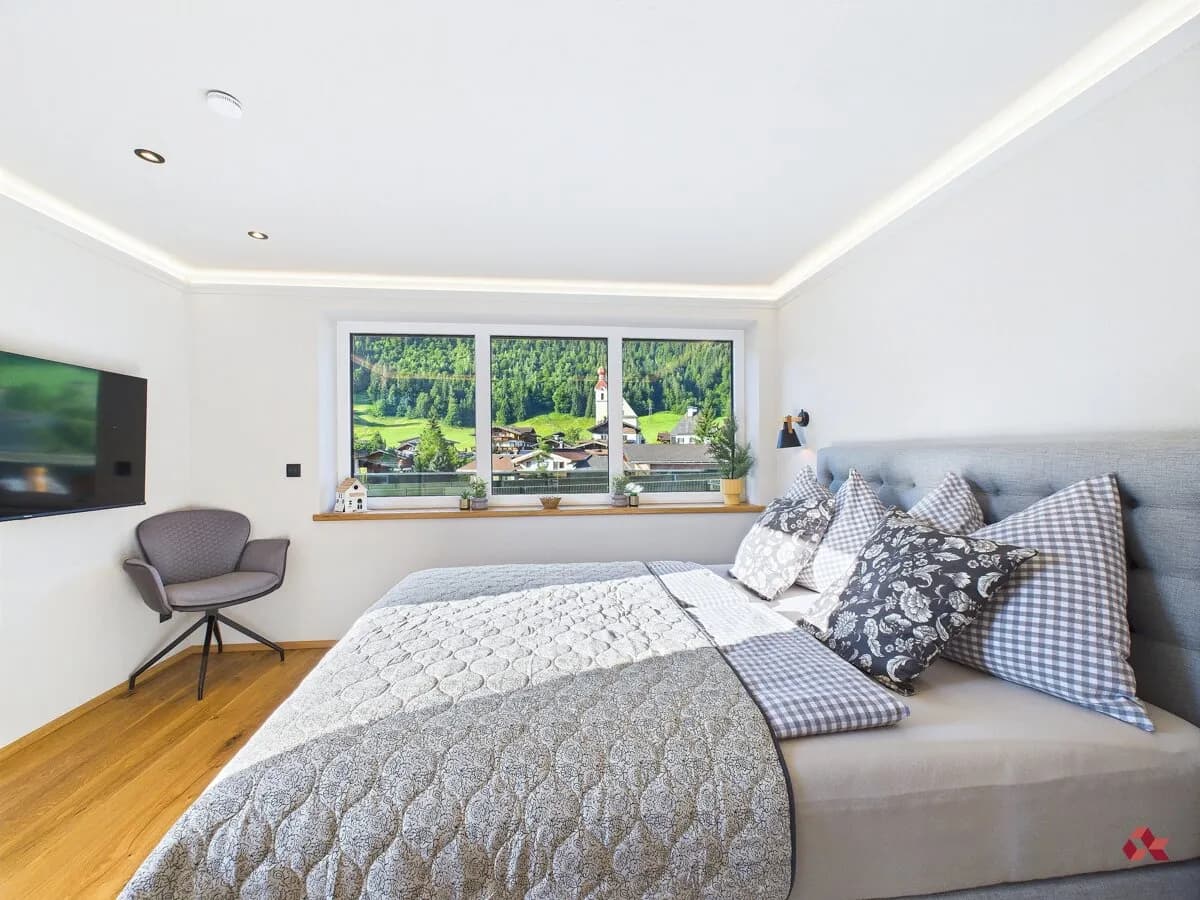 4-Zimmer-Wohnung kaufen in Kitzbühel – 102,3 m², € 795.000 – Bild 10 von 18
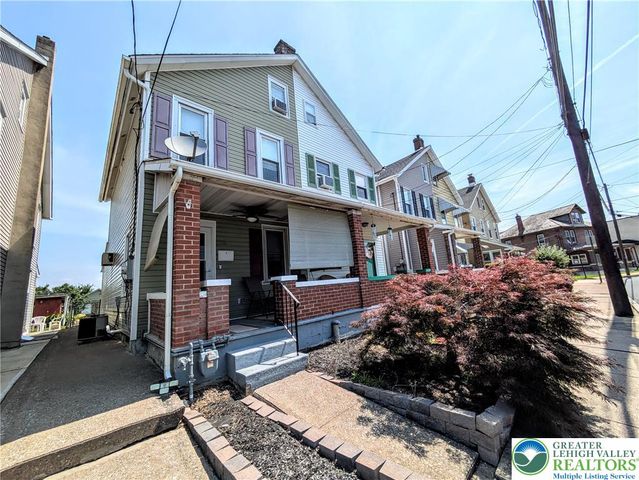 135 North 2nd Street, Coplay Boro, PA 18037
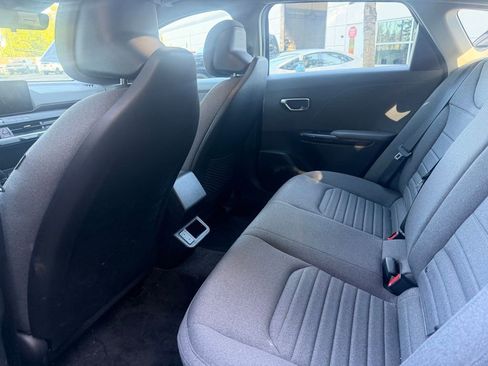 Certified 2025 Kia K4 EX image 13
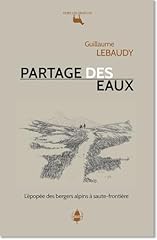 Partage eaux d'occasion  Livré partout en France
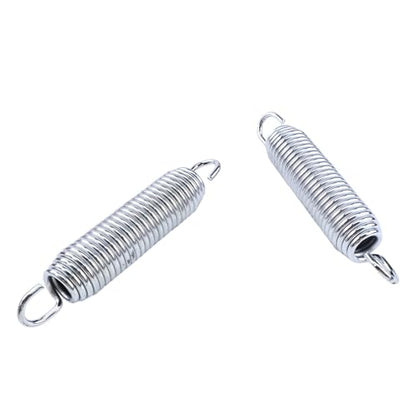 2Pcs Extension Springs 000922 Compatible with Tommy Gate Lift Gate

● ● ●

[Exercise aim] The listing should be transcribed in full, exactly, and without its pictures.

[The answer]
 4-Zimmer-Wohnung kaufen in Kitzbühel – 102,3 m², € 795.000 – Bild 10 von 18
 135 North 2nd Street, Coplay Boro, PA 18037
 Certified 2025 Kia K4 EX image 13
 Partage eaux d'occasion  Livré partout en France
 2Pcs Extension Springs 000922 Compatible with Tommy Gate Lift Gate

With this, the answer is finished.